⟨

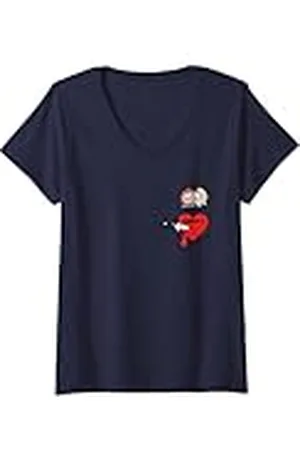 Chucky Mujer And Tiffany Bleeding Heart Faux Pocket Camiseta Cuello V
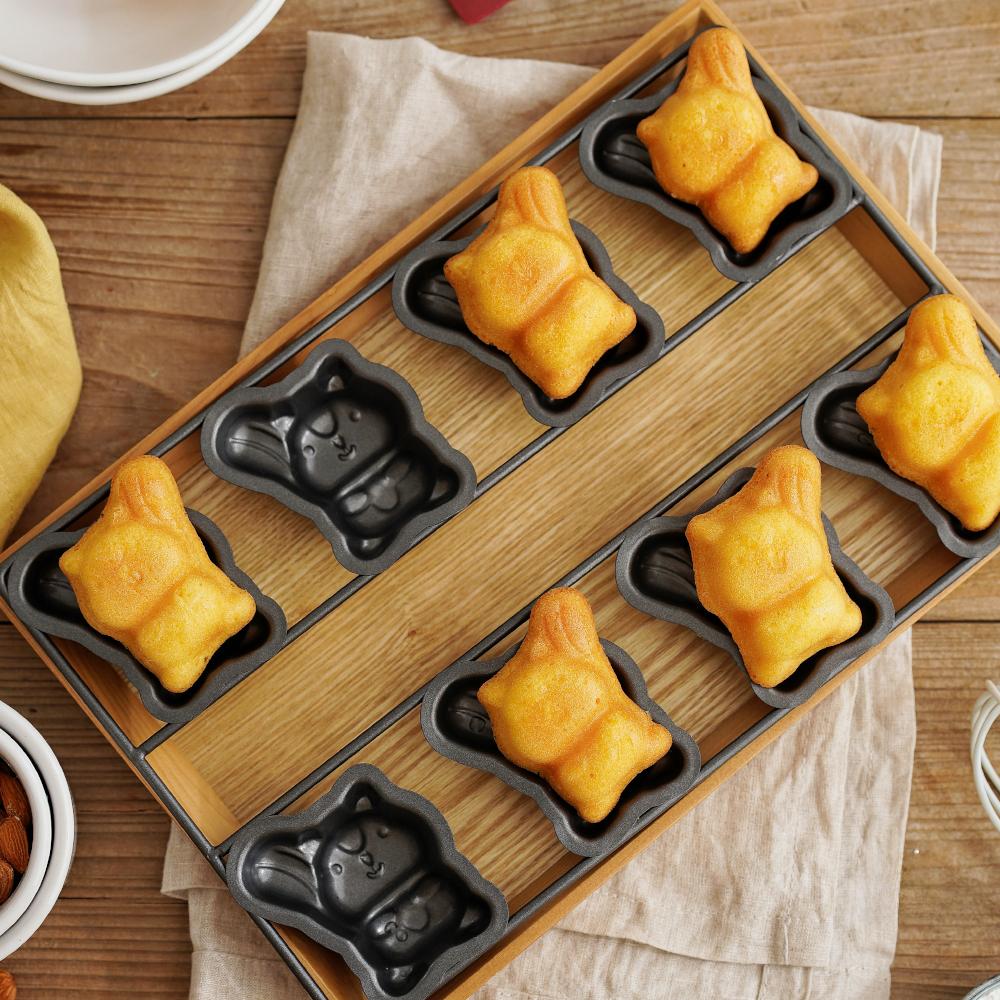 Chiyoda 8-Cavi Cartoon Panda Madeleine Baking Tray 3D Bear Cake Mold Chinese Sle Pure Color Kitchen Baking Utensils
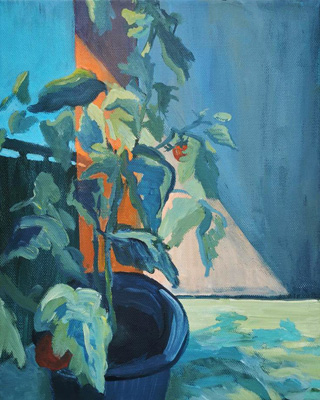 Sonnenanbeter, 2022, Acryl auf Leinwand, 30 x 20 cm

⟩

• _WHAT YOU NEED TO DO_
Repeat the material above word for word but skip the images.

• _ANSWER SECTION_
 Chucky Mujer And Tiffany Bleeding Heart Faux Pocket Camiseta Cuello V
 Chiyoda 8-Cavi Cartoon Panda Madeleine Baking Tray 3D Bear Cake Mold Chinese Sle Pure Color Kitchen Baking Utensils
 Sonnenanbeter, 2022, Acryl auf Leinwand, 30 x 20 cm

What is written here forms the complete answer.